*Description of the task*
A faithful copy of every entry is the goal; keep the images out of it.

*Phrase grounding data*
- - -
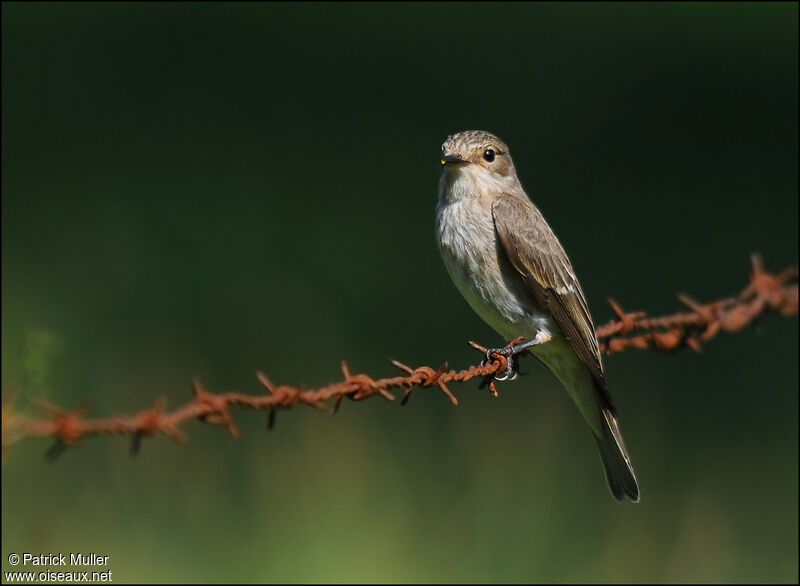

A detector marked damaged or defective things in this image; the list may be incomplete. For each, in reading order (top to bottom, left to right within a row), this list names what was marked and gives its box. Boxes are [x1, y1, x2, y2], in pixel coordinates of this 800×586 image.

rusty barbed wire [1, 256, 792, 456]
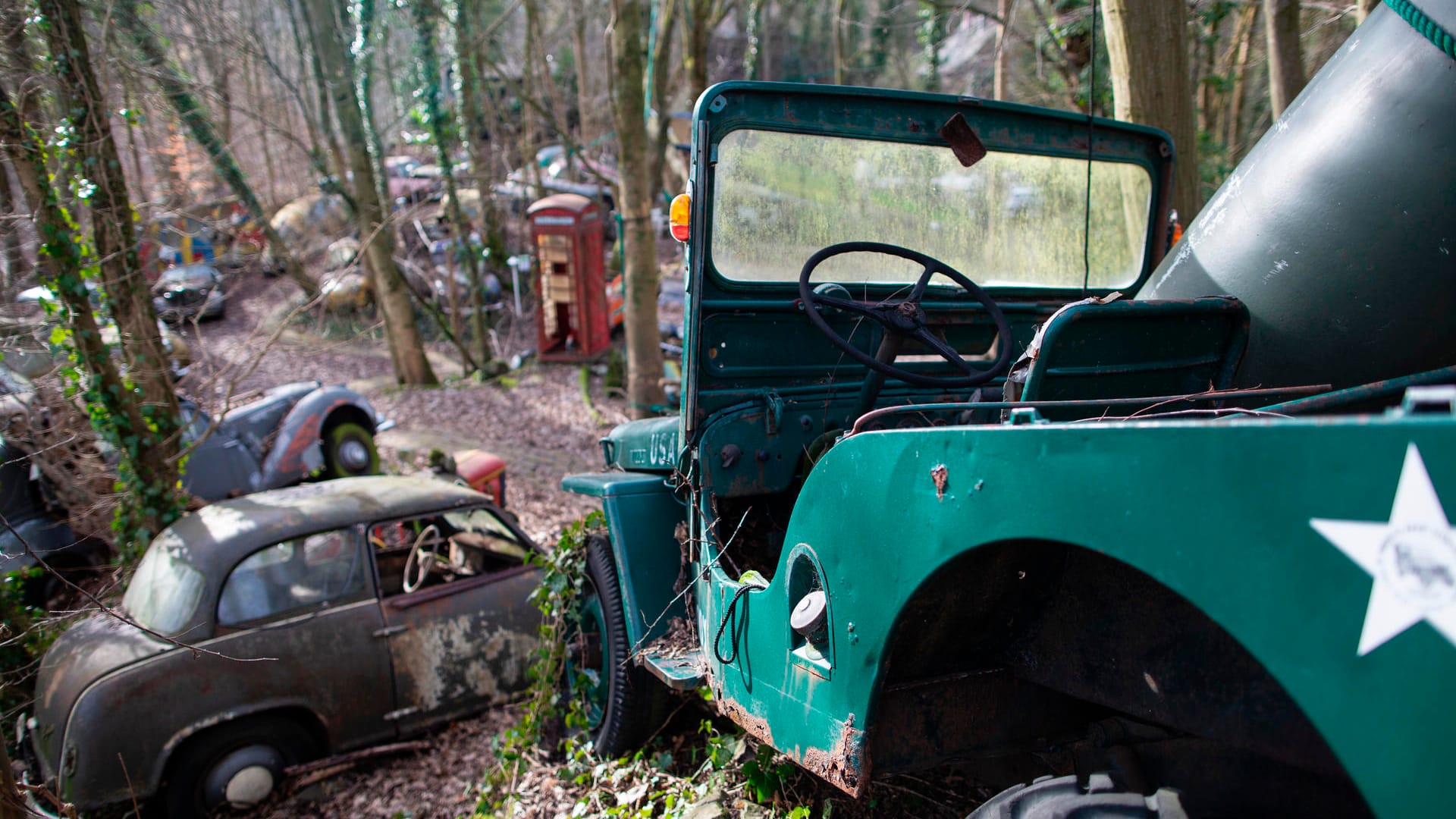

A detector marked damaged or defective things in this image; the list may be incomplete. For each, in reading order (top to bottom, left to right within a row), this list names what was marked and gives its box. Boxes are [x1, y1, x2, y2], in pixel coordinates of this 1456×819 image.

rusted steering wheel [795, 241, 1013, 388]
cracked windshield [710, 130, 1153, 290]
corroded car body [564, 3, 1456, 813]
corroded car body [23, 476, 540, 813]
- - -
*Task output*
A detector marked damaged or defective things in this image; the list may be incomplete. For each, in reading order (top to bottom, left to right within a row), this list names what was marked and gives its box. Boxes are [x1, y1, x2, y2], in pixel coordinates of this 800×586 image.

rusty barbed wire [1, 256, 792, 456]

A detector marked damaged or defective things in this image; the list may be incomplete. For each, in reading order (top to bottom, left to right within a row), this list names what was marked and gives its box. Boxes are [x1, y1, x2, y2], in pixel coordinates of this 1456×819 image.

rusted steering wheel [795, 241, 1013, 388]
cracked windshield [710, 130, 1153, 290]
corroded car body [564, 3, 1456, 813]
corroded car body [23, 476, 540, 813]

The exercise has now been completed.